-- Opening Marker --

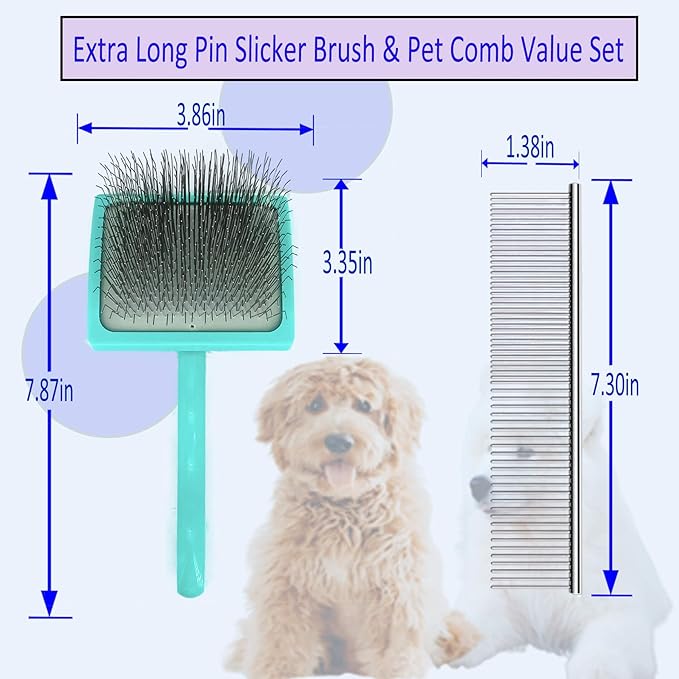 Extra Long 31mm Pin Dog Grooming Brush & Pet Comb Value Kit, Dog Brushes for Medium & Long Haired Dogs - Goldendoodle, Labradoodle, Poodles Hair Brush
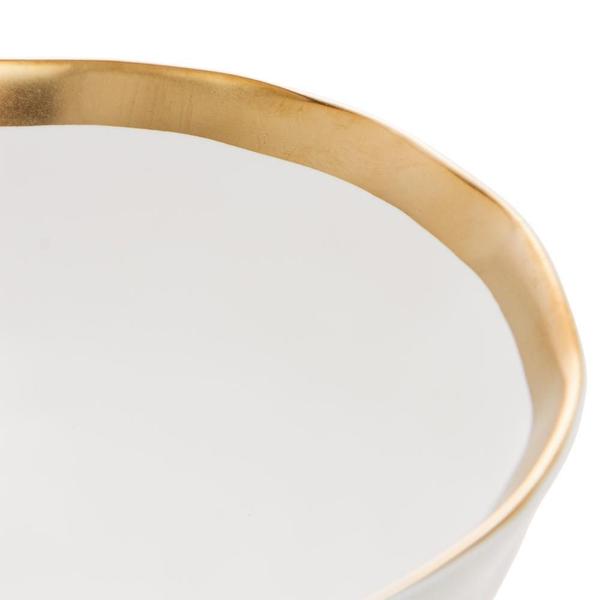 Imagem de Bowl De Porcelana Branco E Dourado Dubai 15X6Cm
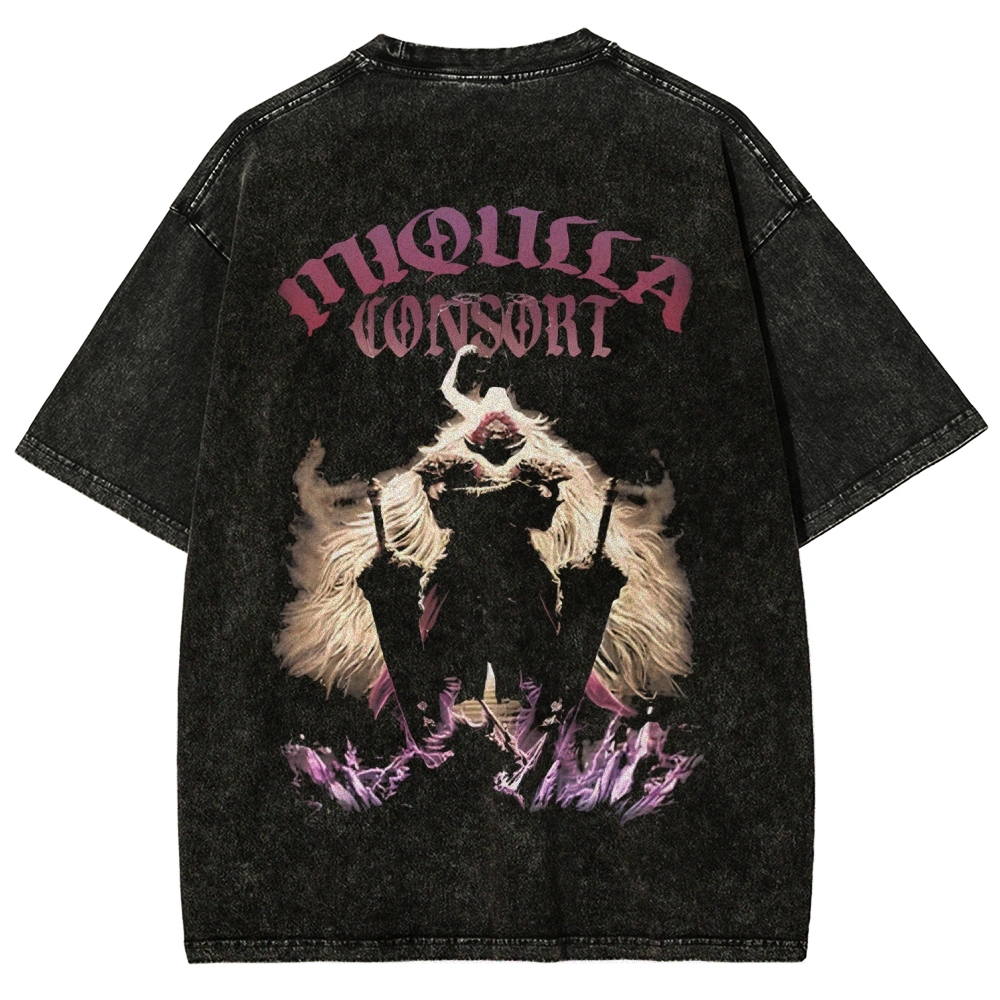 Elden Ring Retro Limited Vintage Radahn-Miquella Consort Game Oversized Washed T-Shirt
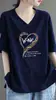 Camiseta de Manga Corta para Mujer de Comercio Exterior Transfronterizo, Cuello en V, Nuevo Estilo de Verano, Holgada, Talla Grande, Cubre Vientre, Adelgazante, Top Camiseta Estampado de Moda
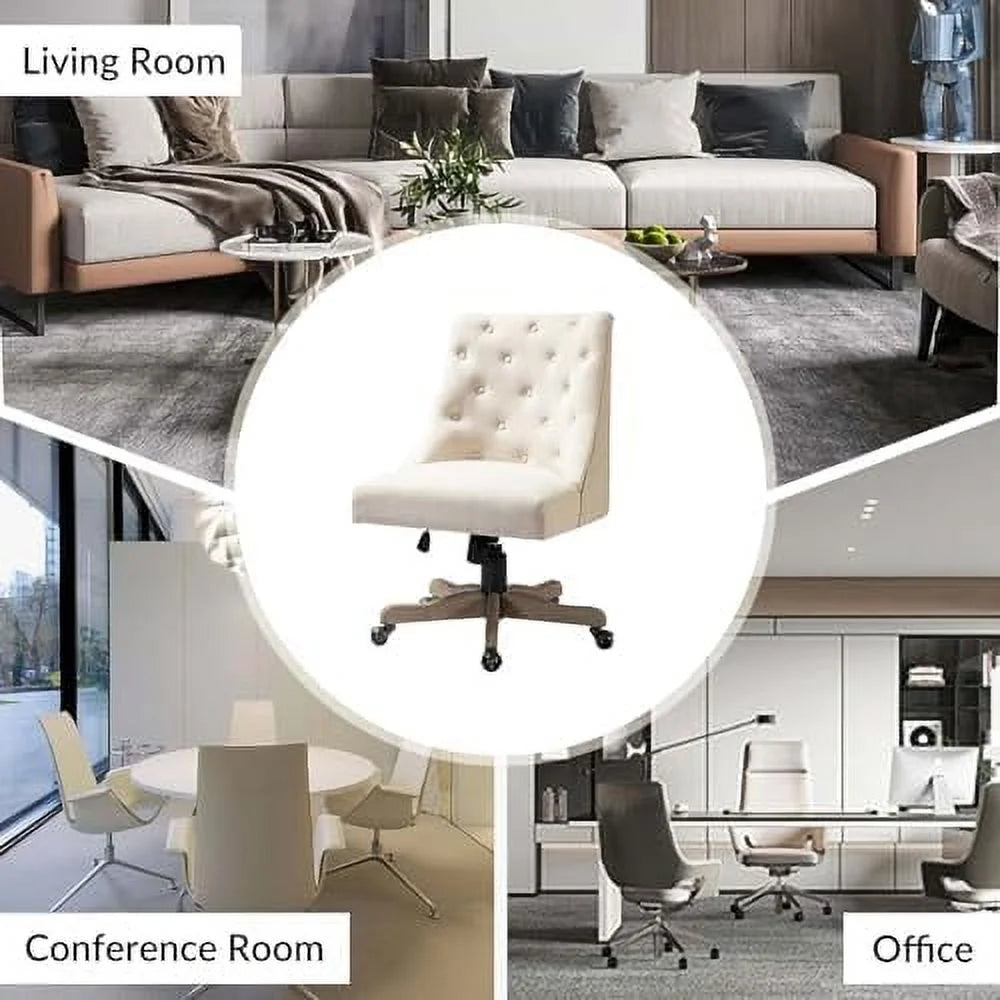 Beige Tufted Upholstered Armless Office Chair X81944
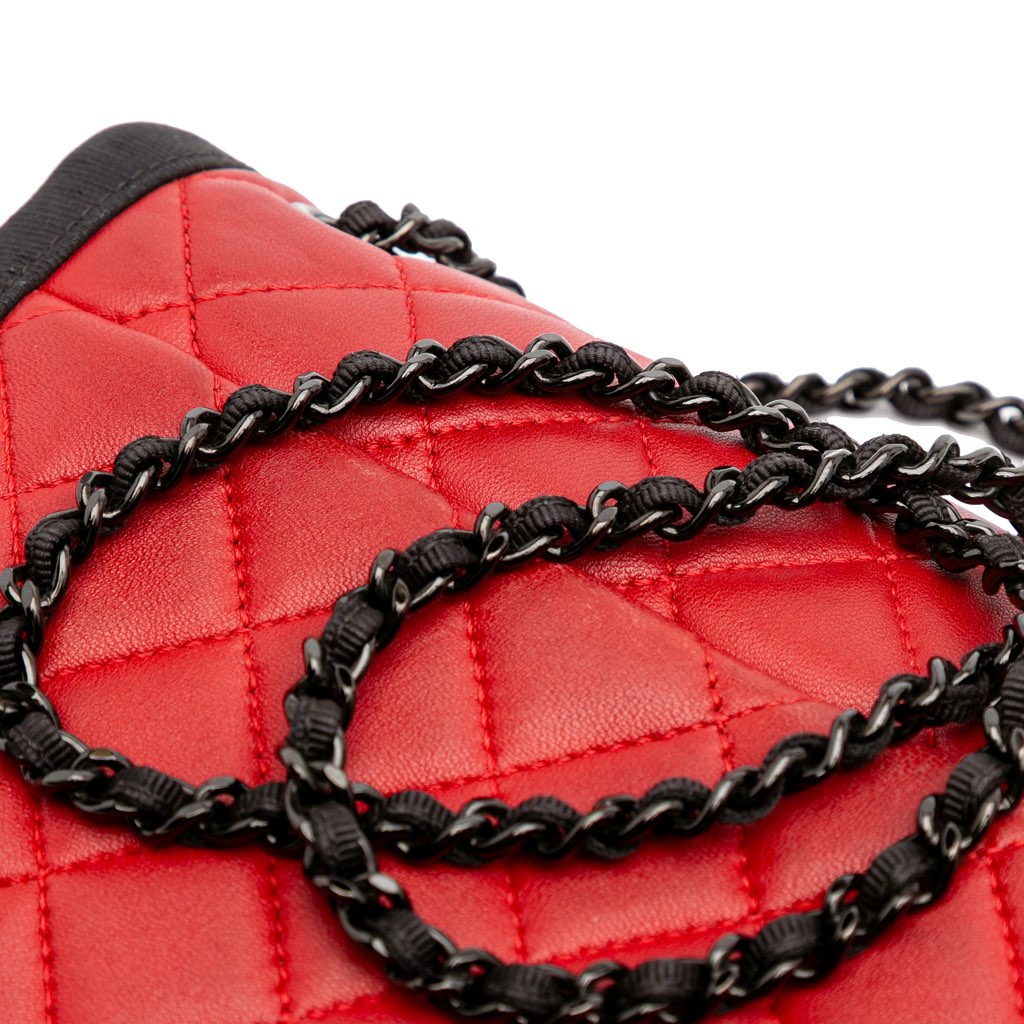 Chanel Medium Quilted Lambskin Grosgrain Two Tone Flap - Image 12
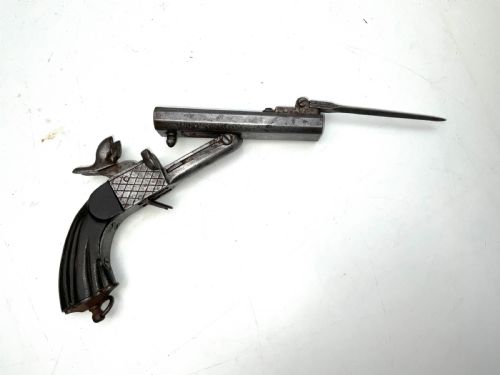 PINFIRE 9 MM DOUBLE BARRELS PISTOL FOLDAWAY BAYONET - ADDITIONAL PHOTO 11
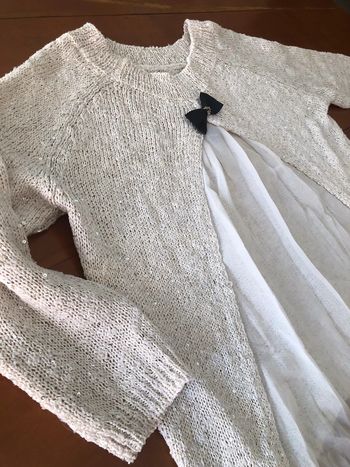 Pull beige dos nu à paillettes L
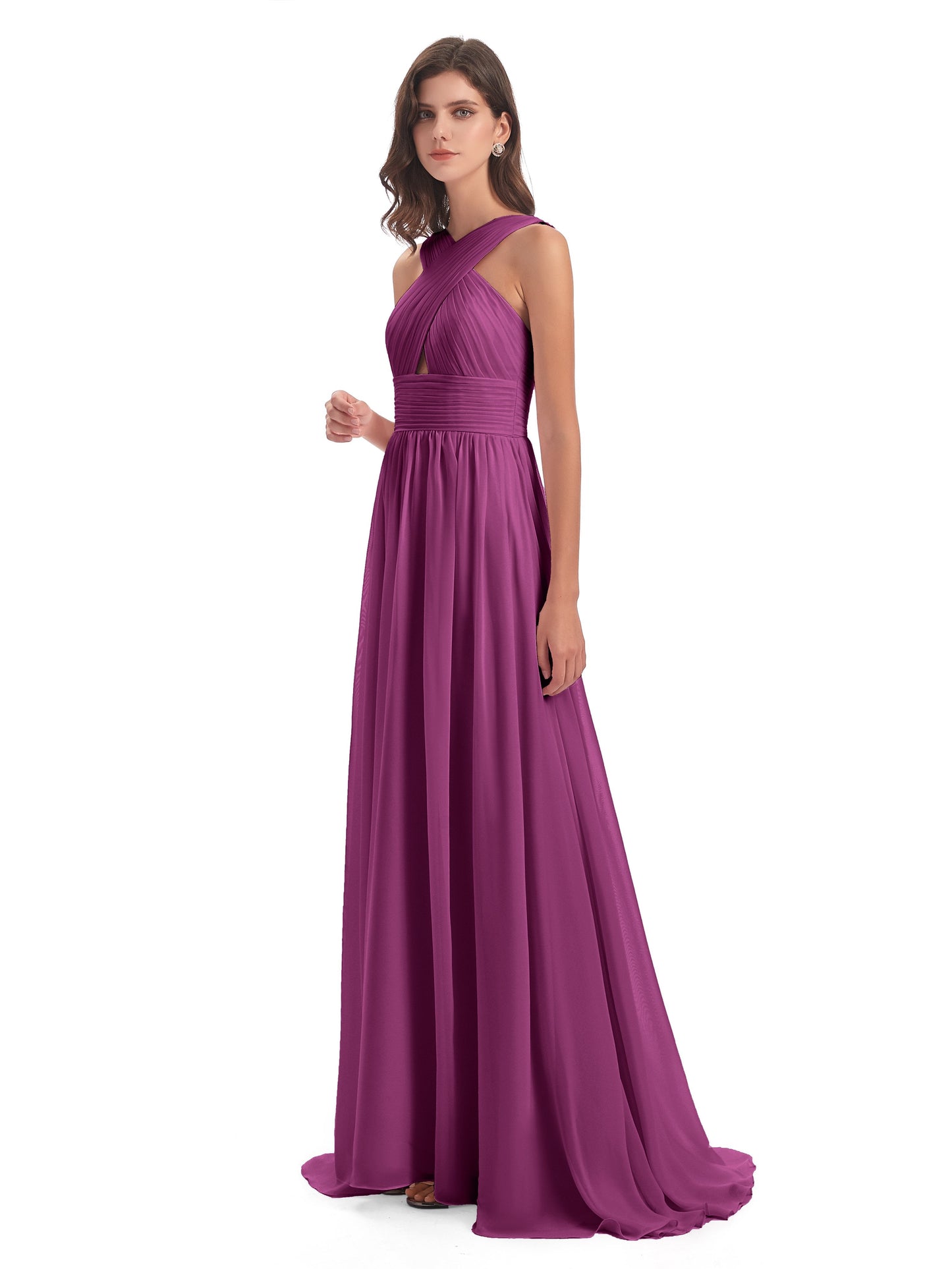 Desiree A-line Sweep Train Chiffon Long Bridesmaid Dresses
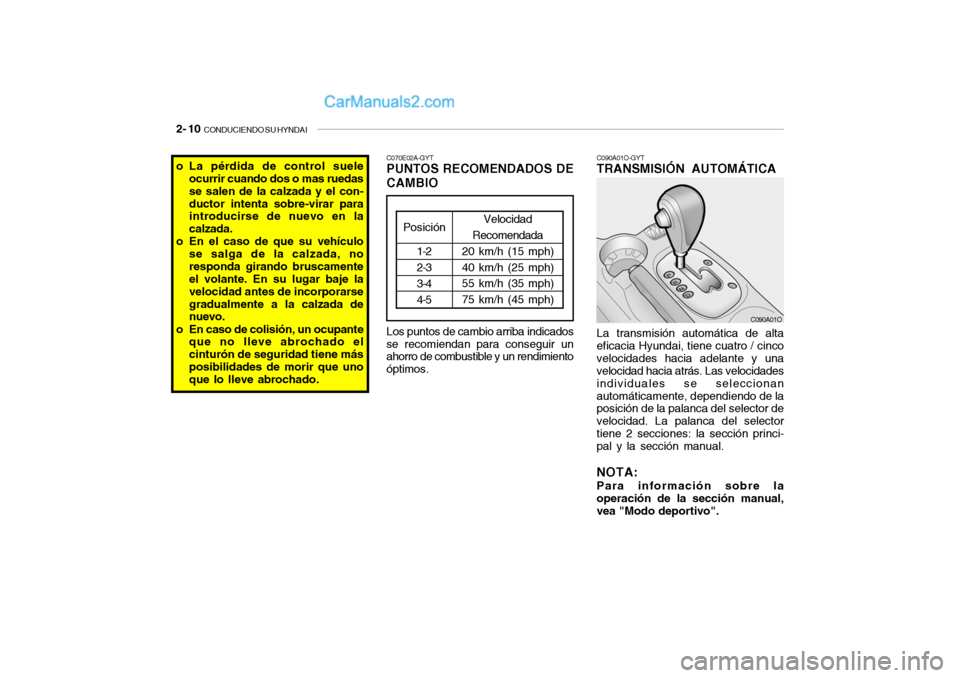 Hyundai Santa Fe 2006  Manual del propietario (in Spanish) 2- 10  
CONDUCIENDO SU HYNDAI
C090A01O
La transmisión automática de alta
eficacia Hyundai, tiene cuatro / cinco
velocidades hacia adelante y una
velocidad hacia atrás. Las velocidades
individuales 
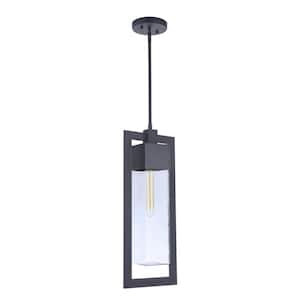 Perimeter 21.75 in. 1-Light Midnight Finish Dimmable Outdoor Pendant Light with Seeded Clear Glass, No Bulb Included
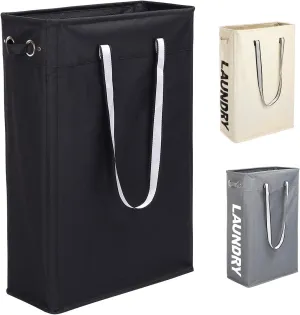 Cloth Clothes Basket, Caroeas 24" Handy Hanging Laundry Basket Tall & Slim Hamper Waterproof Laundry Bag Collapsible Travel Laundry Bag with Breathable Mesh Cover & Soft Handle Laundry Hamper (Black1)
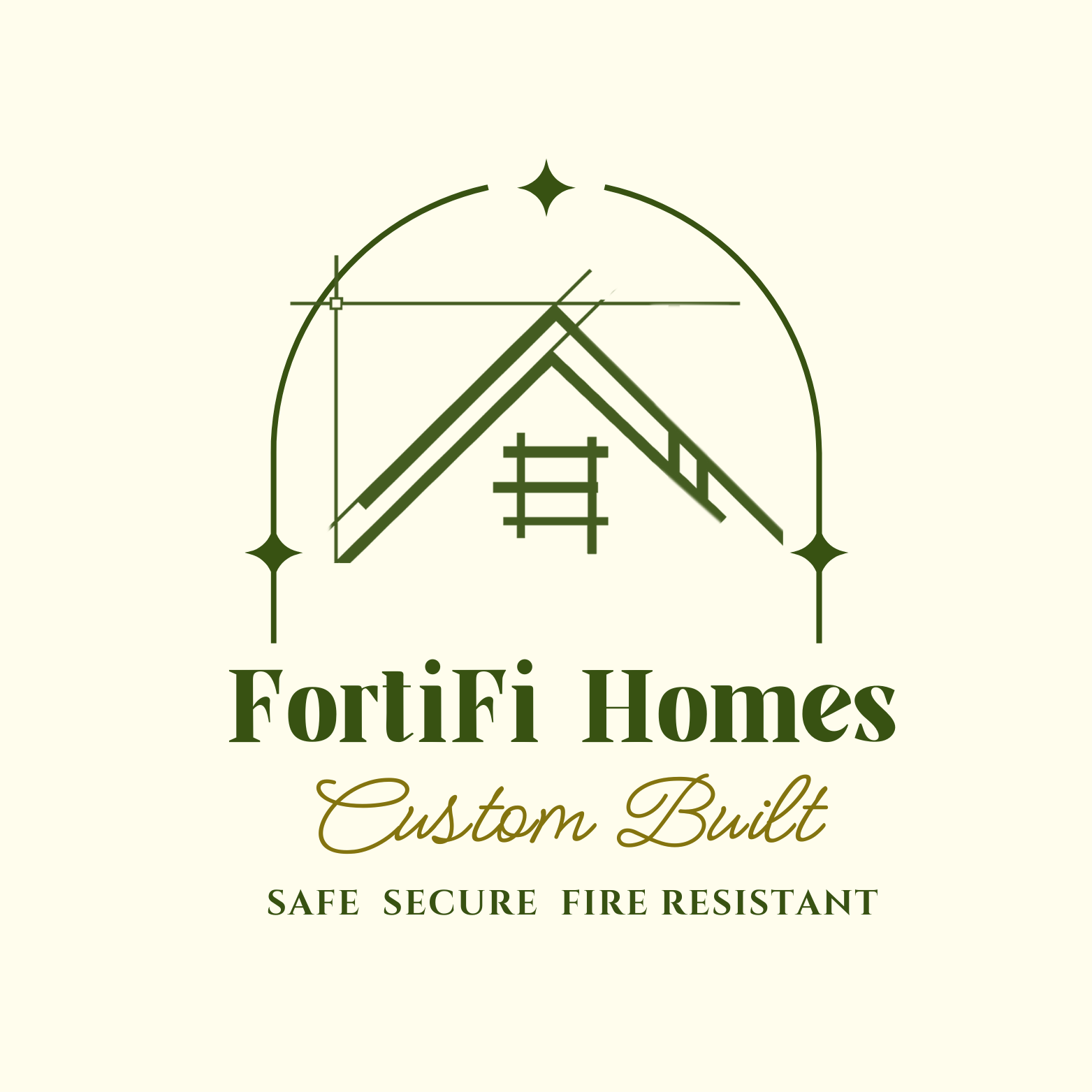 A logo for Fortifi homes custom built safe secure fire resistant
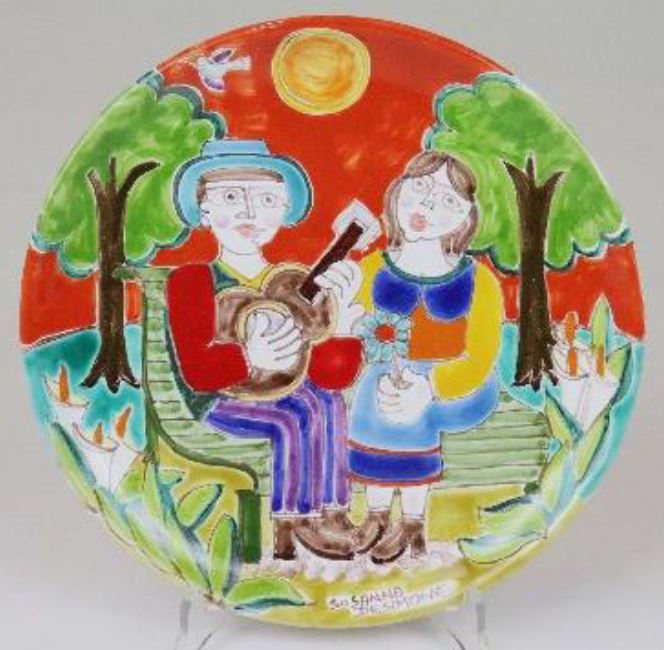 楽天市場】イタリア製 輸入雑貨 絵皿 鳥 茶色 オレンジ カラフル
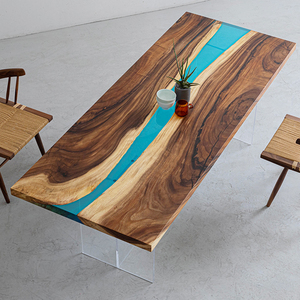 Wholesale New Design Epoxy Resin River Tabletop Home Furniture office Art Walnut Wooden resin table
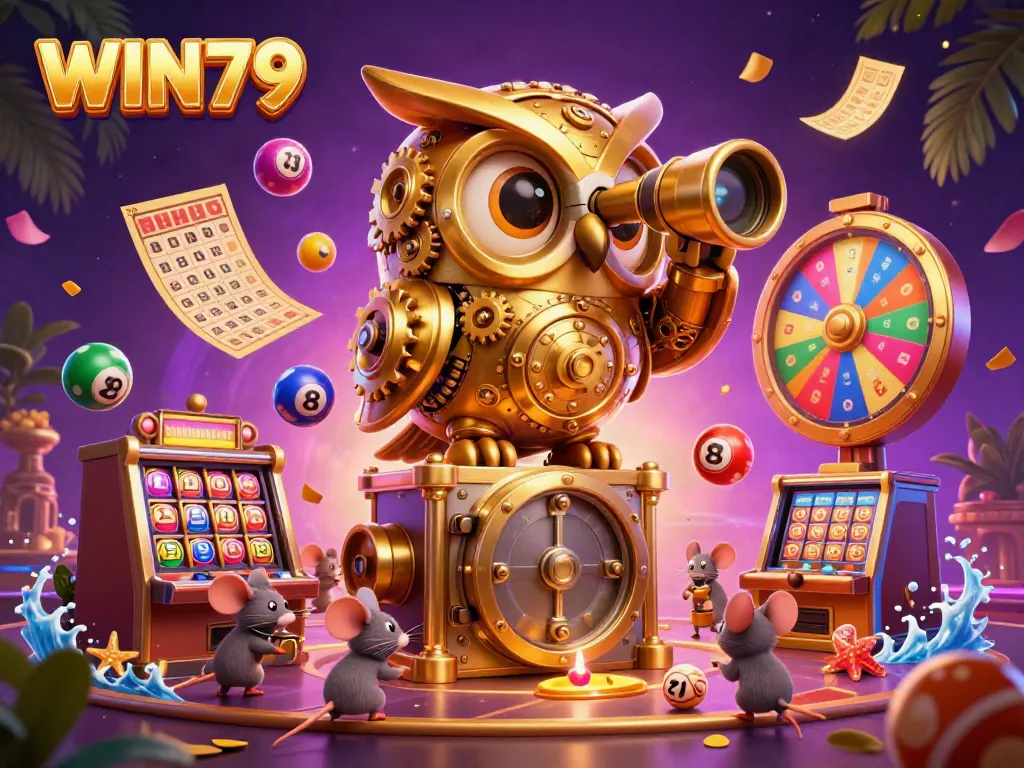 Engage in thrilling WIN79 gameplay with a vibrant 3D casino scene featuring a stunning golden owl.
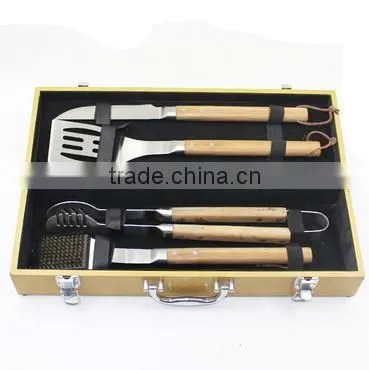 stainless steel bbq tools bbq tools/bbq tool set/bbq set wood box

-- Closing Marker --

The problem:
Look above for the line with "Elden Ring Retro" and the line with "楽天市場】イタリア製 輸入雑貨 絵皿 鳥 茶色 オレンジ カラフル". Output those two and everything between them exactly, pictures excluded.

Result:
 Elden Ring Retro Limited Vintage Radahn-Miquella Consort Game Oversized Washed T-Shirt
 Camiseta de Manga Corta para Mujer de Comercio Exterior Transfronterizo, Cuello en V, Nuevo Estilo de Verano, Holgada, Talla Grande, Cubre Vientre, Adelgazante, Top Camiseta Estampado de Moda
 Beige Tufted Upholstered Armless Office Chair X81944
 Chanel Medium Quilted Lambskin Grosgrain Two Tone Flap - Image 12
 PINFIRE 9 MM DOUBLE BARRELS PISTOL FOLDAWAY BAYONET - ADDITIONAL PHOTO 11
 Pull beige dos nu à paillettes L
 Desiree A-line Sweep Train Chiffon Long Bridesmaid Dresses
 Hyundai Santa Fe 2006  Manual del propietario (in Spanish) 2- 10  
CONDUCIENDO SU HYNDAI
C090A01O
La transmisión automática de alta
eficacia Hyundai, tiene cuatro / cinco
velocidades hacia adelante y una
velocidad hacia atrás. Las velocidades
individuales 
 Perimeter 21.75 in. 1-Light Midnight Finish Dimmable Outdoor Pendant Light with Seeded Clear Glass, No Bulb Included
 Cloth Clothes Basket, Caroeas 24" Handy Hanging Laundry Basket Tall & Slim Hamper Waterproof Laundry Bag Collapsible Travel Laundry Bag with Breathable Mesh Cover & Soft Handle Laundry Hamper (Black1)
 A logo for Fortifi homes custom built safe secure fire resistant
 楽天市場】イタリア製 輸入雑貨 絵皿 鳥 茶色 オレンジ カラフル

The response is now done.